初参加の歌会で入賞させて頂いたもの。一部の方には激賞頂き大変ありがたかったです。

下敷きはもちろん、言葉を借りている通り『シュカのまにまに』なのだが、このカードにあるコミュでは別にお祭りでアイスを食べる描写はなく、めぐるのコミュを全体的に参照して作っている。この点はもうめぐるの各コミュを読んでいる人向けでしかないのだが、めぐるのコミュの多くに通底する、シャニP視点での青春への懐古と憧憬、めぐるを触媒として思い起こされる(俺にはない)青春の思い出的なものや、二人の言葉や間の作り方から醸成される雰囲気というのがとても好きで、これを自分の表現で再現できないか、というのが動機。普段自身とアイドルたちの間には、彼女らに寄り添うもののなんだかんだ一線を引いているシャニPも、めぐると関わっているときには(自身の心中で)それを少し緩めているような気がしていて、特に『小さな夜のトロイメライ』ではそれが顕著である。その感覚を前半、青春と朱夏の対比でやや硬めに出した後、それがほどけて後半の世界が揺らめく情景へと比較的スムーズに持っていくことができたと感じており、自分としては成功の部類に入ると思う。
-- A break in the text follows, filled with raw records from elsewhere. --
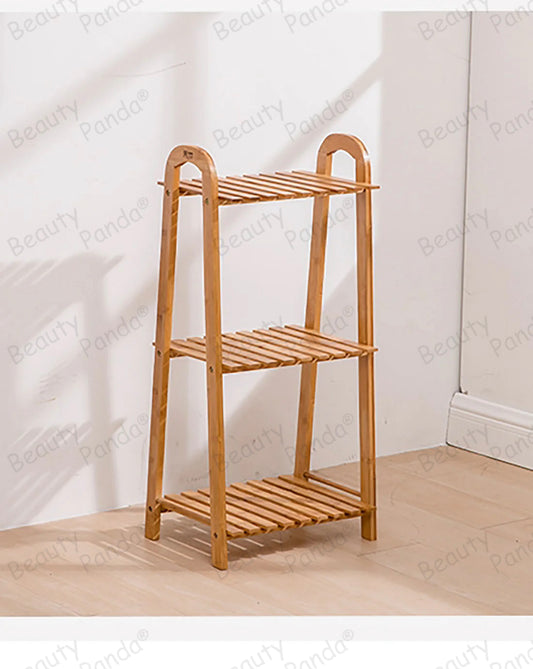 Beauty Panda Teak Wood Indoor/Outdoor Plant Stand for Home Garden Balcony Living Room Decor (U3M)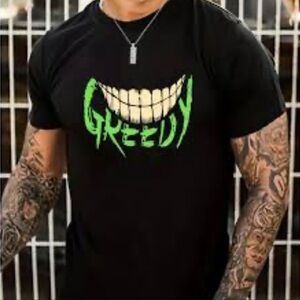 SHEIN Men Tooth & Letter Graphic Tee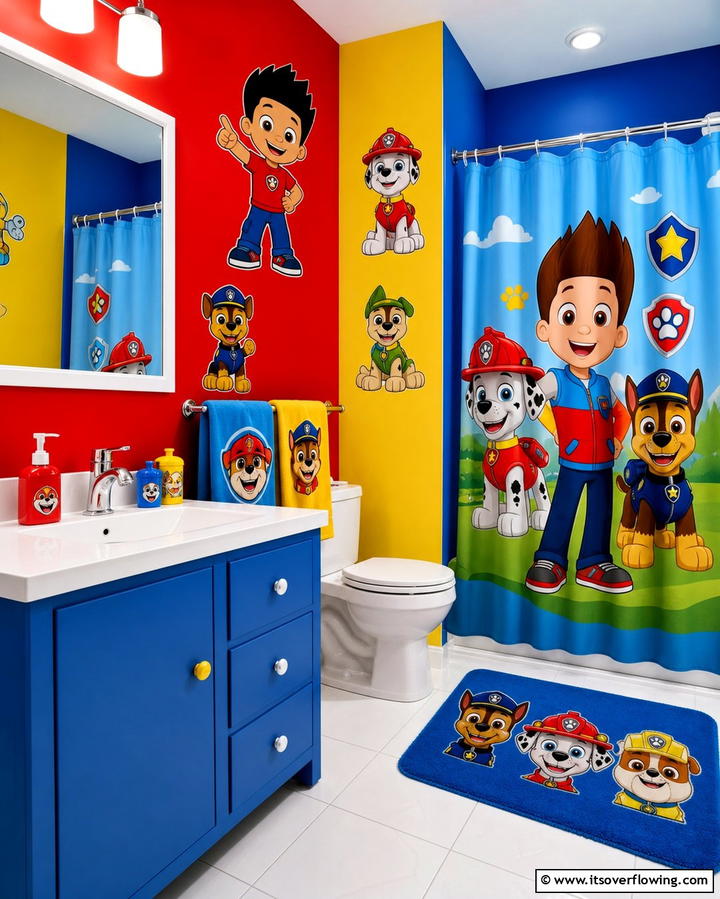 Cartoon Character Bathroom - 25 Boy Bathroom Ideas for a Fun and Functional Space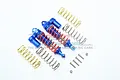 GPM Blue Aluminium Front Piggyback Shocks 2Pcs w/ Optional Spring Rates RUS4087F/L-B-OR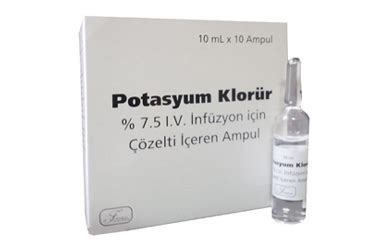 Potasyum Klorur %22.5 10 Ml 10 Ampul Fiyatı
歌会では青春、朱夏、レモンアイスの青赤黄色の色彩が揃っていて良い、と評して頂いたのだが、実はこれは結果オーライであって、青春/朱夏は意味内容(若者の時代と、その後)から入っていて色のイメージはあまり持っておらず、どちらかと言うとレモンアイスと祭火(提灯が出す光多めの赤色)の想定だったが、言われてみればそうだなと思った。人に読んでもらう効用の一つだと思うし、今後は色彩にも気を遣って作っていければいいと感じた。

 

<2>

銀色の刃を夜半に研くとき下弦の月は玻璃の耀き/緋田美琴

 

確かこのときのお題は月だったはず。個人的に緋田美琴には下弦の月のイメージが付きまとっていたので、お題を聞いたときにこの骨子で行こうと思った(当時ルールを知らなかったので歌会には提出できなかったが……)。下弦の月から連想される、いずれ消えていく運命を知る者に宿る美しさと切実さ。彼女の場合はそこに大きな危うさも孕んでおり、これをどう表現するか苦心した。そもそも「下弦の月」という言葉にやや手垢が付きすぎている感覚があった上に、やや直接的すぎないか?という疑念もあったので、他の言い方を模索したがなかなかうまくいかなかった。こういう言葉の距離感というかグリップ感(伝われ)ってどの辺りがイイ感じなのか分かっていないし、そもそもの選択肢となる語彙力もあまり足りていないと思うので勉強っす。一応 "De-Crescent" って使えるかなと思ったものの、結局下手な句跨りにならざるを得ず断念した。前半部分では身を削って夜な夜な鍛錬に励む彼女を、後半部分ではその危うさと儚さを表現したいと思っていて、締めの「耀き」はSHHisのキャッチコピーである「耀いて、スパンコール・シャンデリア」から引っ張ってきている。言葉遣いが大袈裟というかちょっと芝居がかっているのはそれも緋田美琴っぽいか、ということで意図的にやった。皆様に伝わっているかはわからないが。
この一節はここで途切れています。